--- Exercise input Enclosed Below ---

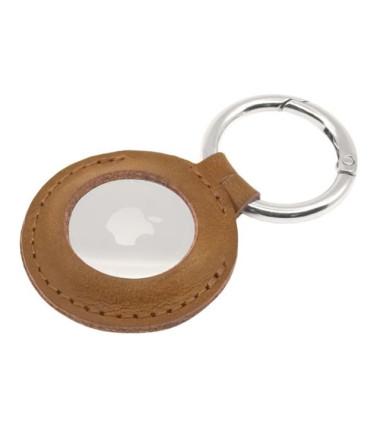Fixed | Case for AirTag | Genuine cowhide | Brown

--- End of Enclosed Exercise input ---
--- Exercise input Enclosed Below ---

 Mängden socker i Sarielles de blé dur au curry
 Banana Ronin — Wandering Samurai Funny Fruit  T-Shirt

--- End of Enclosed Exercise input ---

Exercise details: Could you transcribe the entries above word for word, from the line with "Mängden socker i" down to the line with "Banana Ronin —", keeping both?

Worked solution:
 Mängden socker i Sarielles de blé dur au curry
 Banana Ronin — Wandering Samurai Funny Fruit  T-Shirt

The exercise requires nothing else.